--- Requirement ---
Locate, in the data below, the line that contains "Black silhouette of" and the line that contains "JANOU Mini Crown"; reproduce exactly those two lines and every line between them, nothing more.

--- Supplied records ---
════════════════
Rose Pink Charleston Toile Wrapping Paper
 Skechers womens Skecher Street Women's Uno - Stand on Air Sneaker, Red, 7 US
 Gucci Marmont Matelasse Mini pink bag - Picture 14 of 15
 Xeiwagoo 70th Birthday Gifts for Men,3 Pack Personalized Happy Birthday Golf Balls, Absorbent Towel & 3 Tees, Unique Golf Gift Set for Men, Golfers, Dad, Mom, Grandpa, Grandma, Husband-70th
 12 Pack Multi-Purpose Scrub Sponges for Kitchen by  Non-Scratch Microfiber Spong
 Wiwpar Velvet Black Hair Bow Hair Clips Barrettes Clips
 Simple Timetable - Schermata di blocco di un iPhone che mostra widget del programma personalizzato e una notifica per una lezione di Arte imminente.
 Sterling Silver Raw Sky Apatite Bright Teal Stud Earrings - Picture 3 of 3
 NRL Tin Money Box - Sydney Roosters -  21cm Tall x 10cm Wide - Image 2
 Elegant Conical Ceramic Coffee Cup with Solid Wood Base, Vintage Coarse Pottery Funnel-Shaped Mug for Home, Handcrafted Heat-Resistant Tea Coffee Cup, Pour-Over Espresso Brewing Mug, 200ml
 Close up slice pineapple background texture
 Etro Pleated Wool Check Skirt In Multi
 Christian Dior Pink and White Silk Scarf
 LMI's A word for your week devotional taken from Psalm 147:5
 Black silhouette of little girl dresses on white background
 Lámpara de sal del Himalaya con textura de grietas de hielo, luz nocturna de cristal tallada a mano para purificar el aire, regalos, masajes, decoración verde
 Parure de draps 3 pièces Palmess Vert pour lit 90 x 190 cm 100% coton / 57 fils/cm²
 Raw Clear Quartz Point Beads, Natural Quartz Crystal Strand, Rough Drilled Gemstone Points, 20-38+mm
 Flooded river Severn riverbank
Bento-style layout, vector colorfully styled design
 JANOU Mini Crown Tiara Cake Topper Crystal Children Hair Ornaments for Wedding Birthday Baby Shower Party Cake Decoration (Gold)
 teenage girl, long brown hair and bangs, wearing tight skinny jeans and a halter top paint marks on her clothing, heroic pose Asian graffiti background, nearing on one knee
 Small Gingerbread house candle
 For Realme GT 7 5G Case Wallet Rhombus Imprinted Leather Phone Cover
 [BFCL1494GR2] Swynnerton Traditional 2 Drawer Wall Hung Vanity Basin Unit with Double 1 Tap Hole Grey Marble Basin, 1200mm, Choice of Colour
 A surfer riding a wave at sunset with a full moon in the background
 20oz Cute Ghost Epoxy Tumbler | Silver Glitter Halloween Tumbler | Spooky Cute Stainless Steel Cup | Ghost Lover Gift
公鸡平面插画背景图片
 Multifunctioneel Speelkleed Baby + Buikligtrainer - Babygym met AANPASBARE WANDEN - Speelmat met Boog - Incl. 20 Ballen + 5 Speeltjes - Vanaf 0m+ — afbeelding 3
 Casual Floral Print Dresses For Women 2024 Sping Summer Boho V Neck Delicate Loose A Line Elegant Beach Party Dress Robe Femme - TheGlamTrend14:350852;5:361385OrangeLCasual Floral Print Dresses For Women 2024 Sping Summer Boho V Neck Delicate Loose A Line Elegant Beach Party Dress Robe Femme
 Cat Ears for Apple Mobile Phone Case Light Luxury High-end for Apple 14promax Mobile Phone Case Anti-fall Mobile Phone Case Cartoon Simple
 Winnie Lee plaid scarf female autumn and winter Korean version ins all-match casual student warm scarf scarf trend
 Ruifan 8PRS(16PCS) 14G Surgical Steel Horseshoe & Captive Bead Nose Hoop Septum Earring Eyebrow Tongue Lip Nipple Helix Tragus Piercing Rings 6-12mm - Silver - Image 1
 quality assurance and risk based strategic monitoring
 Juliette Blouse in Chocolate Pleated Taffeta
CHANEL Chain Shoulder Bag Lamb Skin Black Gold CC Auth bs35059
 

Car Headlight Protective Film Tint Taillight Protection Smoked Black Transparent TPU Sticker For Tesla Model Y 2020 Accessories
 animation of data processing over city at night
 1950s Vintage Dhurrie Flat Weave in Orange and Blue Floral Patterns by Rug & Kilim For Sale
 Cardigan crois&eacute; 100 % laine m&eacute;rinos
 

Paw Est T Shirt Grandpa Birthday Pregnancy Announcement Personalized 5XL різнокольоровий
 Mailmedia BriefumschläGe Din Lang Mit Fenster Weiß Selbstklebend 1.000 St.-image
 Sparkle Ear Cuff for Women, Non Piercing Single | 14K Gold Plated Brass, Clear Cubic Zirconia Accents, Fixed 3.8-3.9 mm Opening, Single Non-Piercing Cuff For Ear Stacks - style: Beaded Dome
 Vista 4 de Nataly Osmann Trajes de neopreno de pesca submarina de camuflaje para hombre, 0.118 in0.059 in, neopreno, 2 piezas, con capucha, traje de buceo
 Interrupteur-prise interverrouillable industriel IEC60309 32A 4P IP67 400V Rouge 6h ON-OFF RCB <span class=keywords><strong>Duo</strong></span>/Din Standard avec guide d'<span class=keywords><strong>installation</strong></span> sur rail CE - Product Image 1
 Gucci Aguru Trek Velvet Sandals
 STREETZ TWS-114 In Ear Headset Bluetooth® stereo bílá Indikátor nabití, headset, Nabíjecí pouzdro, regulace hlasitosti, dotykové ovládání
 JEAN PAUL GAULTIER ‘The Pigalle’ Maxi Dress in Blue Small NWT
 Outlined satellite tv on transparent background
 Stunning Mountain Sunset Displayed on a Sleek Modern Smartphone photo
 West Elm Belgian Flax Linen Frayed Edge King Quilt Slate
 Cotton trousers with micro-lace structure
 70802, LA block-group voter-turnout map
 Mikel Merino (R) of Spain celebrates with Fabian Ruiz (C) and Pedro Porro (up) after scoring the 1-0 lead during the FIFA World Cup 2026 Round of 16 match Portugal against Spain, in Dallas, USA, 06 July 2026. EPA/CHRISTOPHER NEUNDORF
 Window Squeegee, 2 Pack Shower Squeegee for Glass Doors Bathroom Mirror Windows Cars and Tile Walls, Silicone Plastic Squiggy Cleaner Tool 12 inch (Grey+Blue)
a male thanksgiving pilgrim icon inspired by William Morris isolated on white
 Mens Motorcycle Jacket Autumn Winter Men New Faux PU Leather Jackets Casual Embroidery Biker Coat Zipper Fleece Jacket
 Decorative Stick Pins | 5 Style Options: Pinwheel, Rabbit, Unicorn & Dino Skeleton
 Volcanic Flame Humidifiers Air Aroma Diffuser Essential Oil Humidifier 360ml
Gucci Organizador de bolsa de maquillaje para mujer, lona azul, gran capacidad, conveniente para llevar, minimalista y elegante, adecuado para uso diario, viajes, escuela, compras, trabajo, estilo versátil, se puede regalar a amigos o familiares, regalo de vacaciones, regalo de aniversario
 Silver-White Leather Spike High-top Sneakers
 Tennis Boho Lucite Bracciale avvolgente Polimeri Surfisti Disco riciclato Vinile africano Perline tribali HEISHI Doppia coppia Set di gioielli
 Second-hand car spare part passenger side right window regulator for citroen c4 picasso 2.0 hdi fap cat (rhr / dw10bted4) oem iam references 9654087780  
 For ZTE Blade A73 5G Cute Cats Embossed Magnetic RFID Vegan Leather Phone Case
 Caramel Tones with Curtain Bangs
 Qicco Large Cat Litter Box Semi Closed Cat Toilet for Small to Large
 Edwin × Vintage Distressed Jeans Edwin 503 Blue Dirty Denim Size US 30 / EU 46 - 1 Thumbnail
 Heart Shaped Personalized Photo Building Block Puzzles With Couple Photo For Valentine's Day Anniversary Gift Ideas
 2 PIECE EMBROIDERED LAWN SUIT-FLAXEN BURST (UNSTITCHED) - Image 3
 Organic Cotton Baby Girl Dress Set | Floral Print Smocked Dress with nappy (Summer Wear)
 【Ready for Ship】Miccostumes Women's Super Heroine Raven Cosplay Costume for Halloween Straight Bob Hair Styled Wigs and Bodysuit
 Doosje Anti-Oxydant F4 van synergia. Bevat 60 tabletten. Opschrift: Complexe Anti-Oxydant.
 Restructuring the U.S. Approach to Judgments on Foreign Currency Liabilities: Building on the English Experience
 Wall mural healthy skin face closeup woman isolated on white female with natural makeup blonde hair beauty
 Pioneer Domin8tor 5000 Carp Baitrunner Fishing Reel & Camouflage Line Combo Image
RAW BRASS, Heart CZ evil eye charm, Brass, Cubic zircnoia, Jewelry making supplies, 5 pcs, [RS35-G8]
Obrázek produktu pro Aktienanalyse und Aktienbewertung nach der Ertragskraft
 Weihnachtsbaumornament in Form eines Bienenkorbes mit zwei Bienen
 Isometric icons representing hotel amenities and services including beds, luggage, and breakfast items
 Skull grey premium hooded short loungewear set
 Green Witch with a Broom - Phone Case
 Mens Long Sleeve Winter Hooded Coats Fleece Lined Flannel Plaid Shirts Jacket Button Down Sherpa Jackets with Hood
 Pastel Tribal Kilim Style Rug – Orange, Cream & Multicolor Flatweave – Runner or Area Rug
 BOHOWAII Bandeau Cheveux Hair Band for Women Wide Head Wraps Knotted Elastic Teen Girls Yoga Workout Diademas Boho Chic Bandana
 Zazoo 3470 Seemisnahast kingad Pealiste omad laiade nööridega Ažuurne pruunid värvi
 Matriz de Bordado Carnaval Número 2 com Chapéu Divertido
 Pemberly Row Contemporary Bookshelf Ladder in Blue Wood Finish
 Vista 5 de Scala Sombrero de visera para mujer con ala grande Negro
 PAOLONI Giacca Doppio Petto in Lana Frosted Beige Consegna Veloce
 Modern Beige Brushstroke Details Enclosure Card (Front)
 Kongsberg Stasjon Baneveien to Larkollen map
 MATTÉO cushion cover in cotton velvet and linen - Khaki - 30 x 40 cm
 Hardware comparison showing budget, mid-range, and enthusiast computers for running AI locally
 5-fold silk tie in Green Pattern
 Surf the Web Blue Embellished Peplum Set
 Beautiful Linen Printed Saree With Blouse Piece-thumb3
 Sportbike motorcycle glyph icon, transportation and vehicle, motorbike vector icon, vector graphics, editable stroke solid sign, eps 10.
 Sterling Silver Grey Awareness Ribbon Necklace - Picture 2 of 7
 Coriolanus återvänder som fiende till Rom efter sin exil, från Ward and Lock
════════════════
--- Expected output ---
 Black silhouette of little girl dresses on white background
 Lámpara de sal del Himalaya con textura de grietas de hielo, luz nocturna de cristal tallada a mano para purificar el aire, regalos, masajes, decoración verde
 Parure de draps 3 pièces Palmess Vert pour lit 90 x 190 cm 100% coton / 57 fils/cm²
 Raw Clear Quartz Point Beads, Natural Quartz Crystal Strand, Rough Drilled Gemstone Points, 20-38+mm
 Flooded river Severn riverbank
Bento-style layout, vector colorfully styled design
 JANOU Mini Crown Tiara Cake Topper Crystal Children Hair Ornaments for Wedding Birthday Baby Shower Party Cake Decoration (Gold)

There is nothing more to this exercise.